>>>>

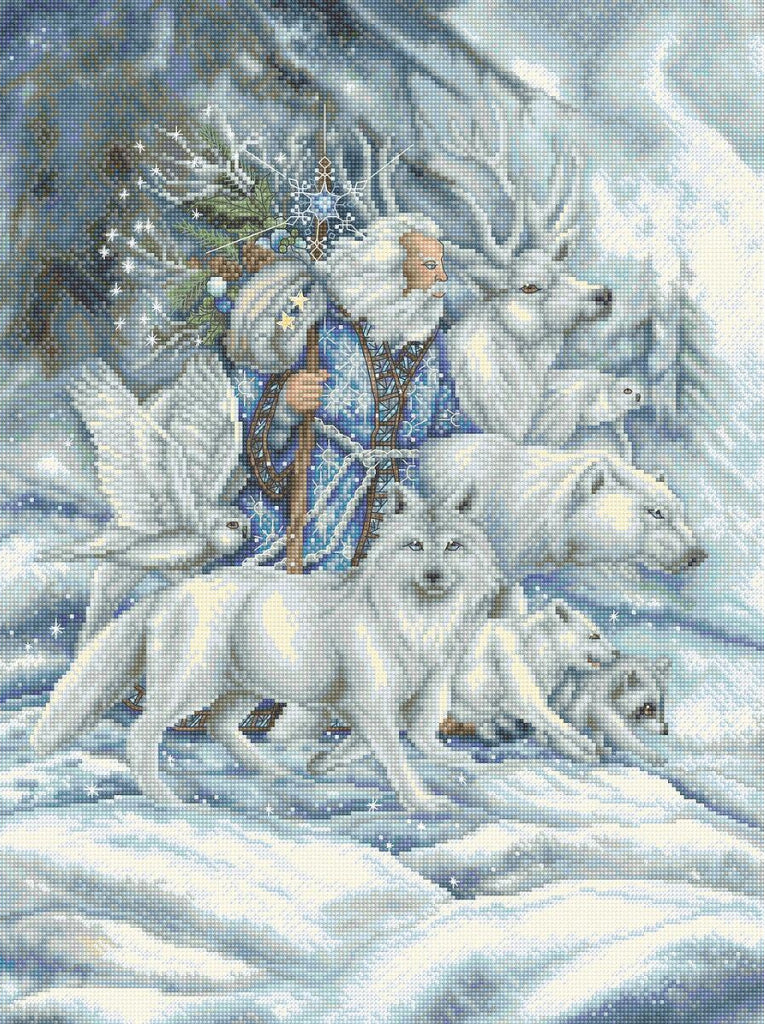 Counted Cross Stitch Kit Walk as one DIY Letistitch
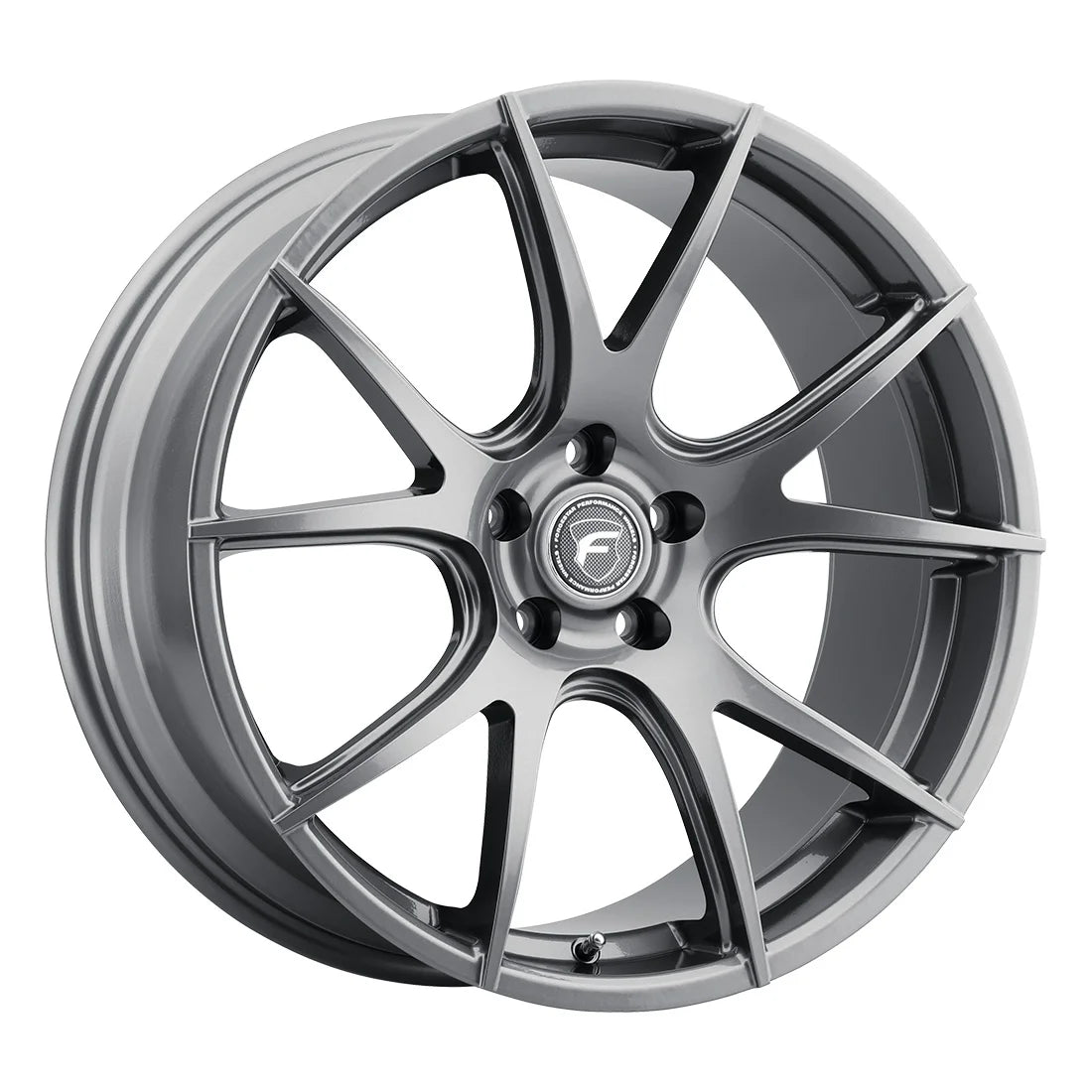 Forgestar CF5V Gloss Anthracite | 20x11" +25mm | 5x115mm Wheel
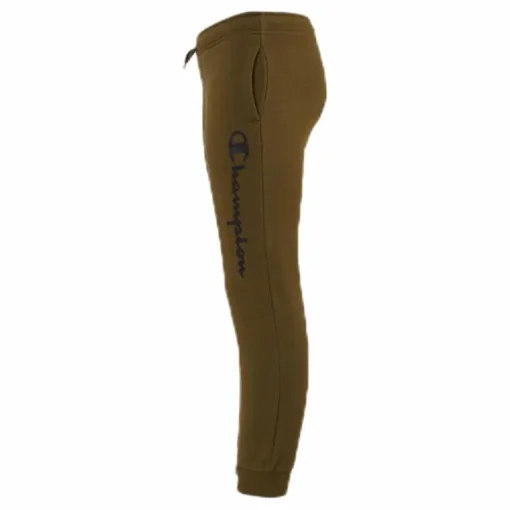 Rib Cuff Pants Junior Green
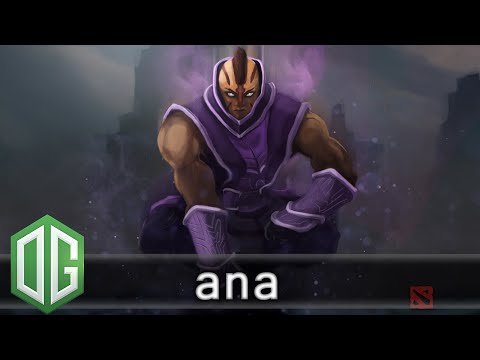OG.Ana Anti-Mage Gameplay - Unranked Match -  OG Dota 2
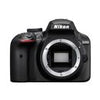 Nikon D3400 + Objektive AF-P DX 18–55 mm und 70–300 mm VR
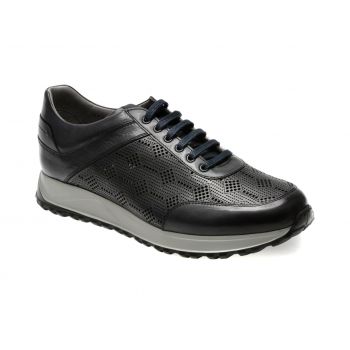 Pantofi casual LE COLONEL bleumarin, 494381, din piele naturala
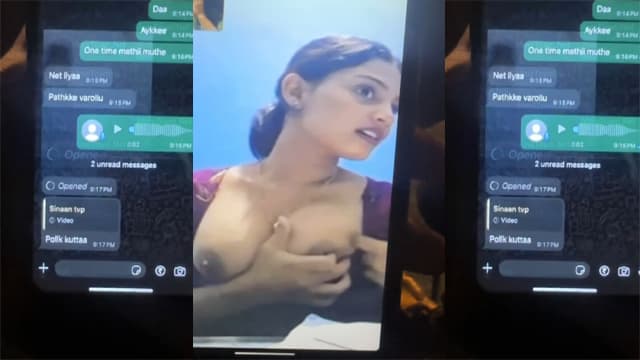 Tamil Girlfriend Showing Boobs Fucking Mms Videos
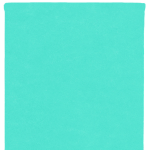 Santex Feest Tafelkleed Op Rol - Azuur - 120 Cm X 10 M - Non Woven Polyester - Feesttafelkleden - Blauw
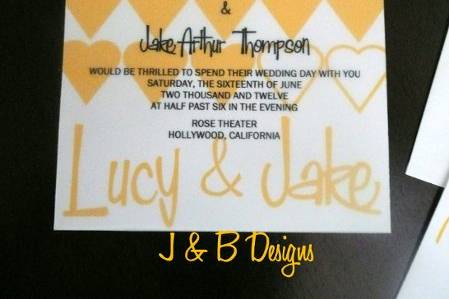 J & B Designs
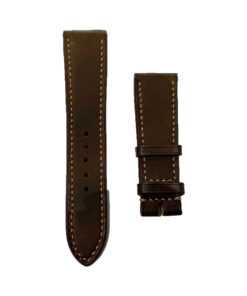 Dây Đồng Hồ Da Bò Thật Màu Nâu Đậm Size 20 - 22MM - BN005Dây Đồng Hồ Da Bò Thật Màu Nâu Đậm Size 20 - 22MM - BN005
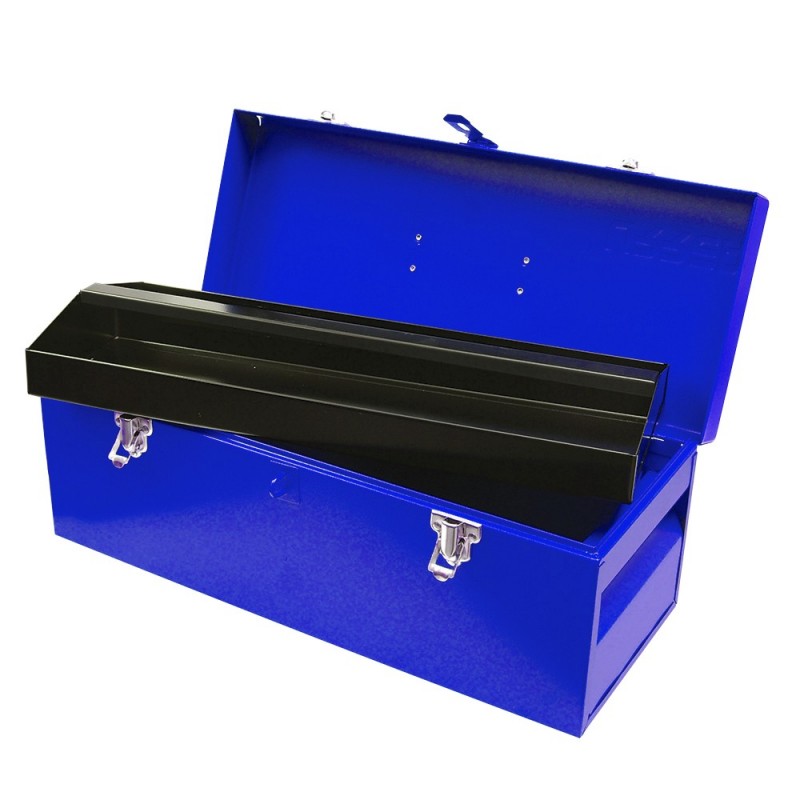 Caja metálica Azul 51 x 20 x 20cm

<<<<

◆ **Task prompt**:
Take the line that contains "Nikon D3400 +" as the first and the last line of the records as the end, and please quote those lines exactly, pictures omitted.

◆ **Output of the exercise**:
 Nikon D3400 + Objektive AF-P DX 18–55 mm und 70–300 mm VR
 Pantofi casual LE COLONEL bleumarin, 494381, din piele naturala
 Tamil Girlfriend Showing Boobs Fucking Mms Videos
 Santex Feest Tafelkleed Op Rol - Azuur - 120 Cm X 10 M - Non Woven Polyester - Feesttafelkleden - Blauw
 J & B Designs
 Dây Đồng Hồ Da Bò Thật Màu Nâu Đậm Size 20 - 22MM - BN005Dây Đồng Hồ Da Bò Thật Màu Nâu Đậm Size 20 - 22MM - BN005
 Caja metálica Azul 51 x 20 x 20cm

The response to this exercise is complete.